Mon Apr 12 07:06:34 UTC 2021

On Fri, 9 Apr 2021 21:52:45 GMT, Vladimir Ivanov <vlivanov at openjdk.org> wrote:

>> Xiaohong Gong has updated the pull request incrementally with one additional commit since the last revision:
>> 
>>   Revert changes to VectorLoadMask and add a VectorMaskCast for the same element size mask casting
>
> src/hotspot/share/opto/vectornode.cpp line 1236:
> 
>> 1234:         if (is_vector_mask) {
>> 1235:           if (in_vt->length_in_bytes() == out_vt->length_in_bytes() &&
>> 1236:               Matcher::match_rule_supported(Op_VectorMaskCast)) {
> 
> There's `Matcher::match_rule_supported_vector()` specifically for vector nodes.

OK, I will use this instead. Thanks!

> src/hotspot/share/opto/vectornode.cpp line 1237:
> 
>> 1235:           if (in_vt->length_in_bytes() == out_vt->length_in_bytes() &&
>> 1236:               Matcher::match_rule_supported(Op_VectorMaskCast)) {
>> 1237:             // VectorUnbox (VectorBox vmask) ==> VectorMaskCast (vmask)
> 
> It's better to implement it as a 2-step transformation and place it in `VectorLoadMaskNode::Ideal()`:
> VectorUnbox (VectorBox vmask) ==> VectorLoadMask (VectorStoreMask vmask) => VectorMaskCast (vmask)

Thanks for your comments. Yes, theoretically it's better to place it in `VectorLoadMaskNode::Ideal()`. Unfortunately, we met an issue that is related to optimization for `VectorStoreMask`. Considering the following case:
   LoadVector                                              LoadVector
           |                                                    |
   VectorLoadMask  (double)                          VectorLoadMask (double)
               |                                               |
           VectorUnbox   (long)          ==>           VectorStoreMask  (double)
                                                               |
                                                      VectorLoadMask  (long)
This case loads the masking values for a double type, and does a bitwise `and` operation. Since the type is mismatched, the compiler will try to do `VectorUnbox (VectorBox vmask) ==> VectorLoadMask (VectorStoreMask vmask)`. However, since there is the transformation `VectorStoreMask (VectorLoadMask value)  ==> value`, the above `VectorStoreMaskNode` will be optimized out.

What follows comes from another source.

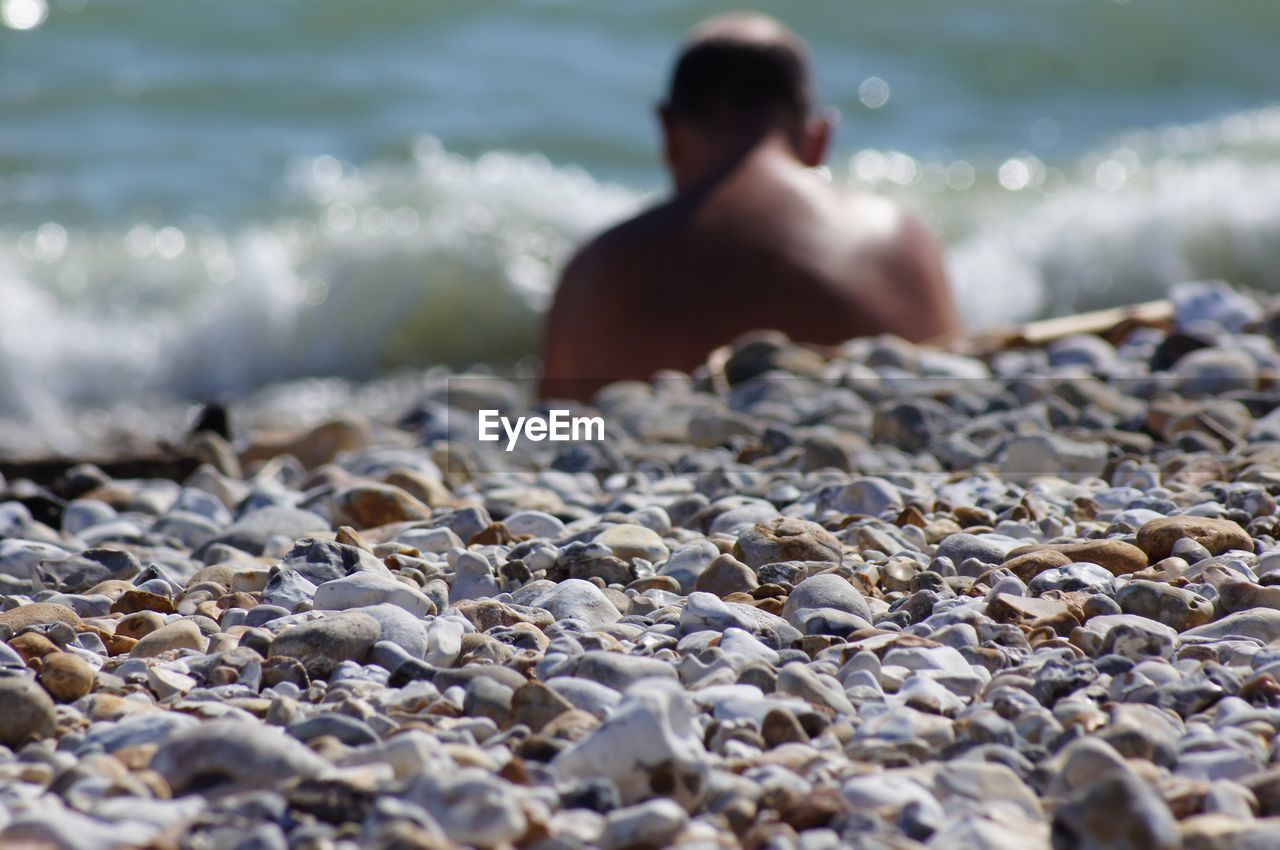 REAR VIEW OF SHIRTLESS MAN LYING ON PEBBLES AT BEACH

The final graph looks like:

   LoadVector                                                  LoadVector
          |                                                      /      \
        VectorLoadMask  (double)                               /         \
              |                      ==>     VectorLoadMask (double)      \
         VectorStoreMask (double)                                   VectorLoadMask (long)
                   |
            VectorLoadMask (long)
Since the two `VectorLoadMaskNode` have different element type, the GVN cannot optimize out one. So finally there will be two similar  `VectorLoadMaskNode`s. That's also why I override the `cmp/hash` for `VectorLoadMaskNode` in the first version.

So I prefer to add `VectorUnbox (VectorBox vmask) ==> VectorMaskCast (vmask)` directly.

> src/hotspot/share/opto/vectornode.hpp line 1247:
> 
>> 1245:     assert(type2aelembytes(in_vt->element_basic_type()) == type2aelembytes(vt->element_basic_type()), "element size must match");
>> 1246:   }
>> 1247: 
> 
> FTR there's a way to avoid platform-specific changes (in AD files) if we don't envision any non-trivial conversions to be supported: just disable matching of the node by overriding `Node::ideal_reg()`:
> virtual uint ideal_reg() const { return 0; } // not matched in the AD file

Good idea, I will try this way. Thanks!

-------------

PR: https://git.openjdk.java.net/jdk/pull/3238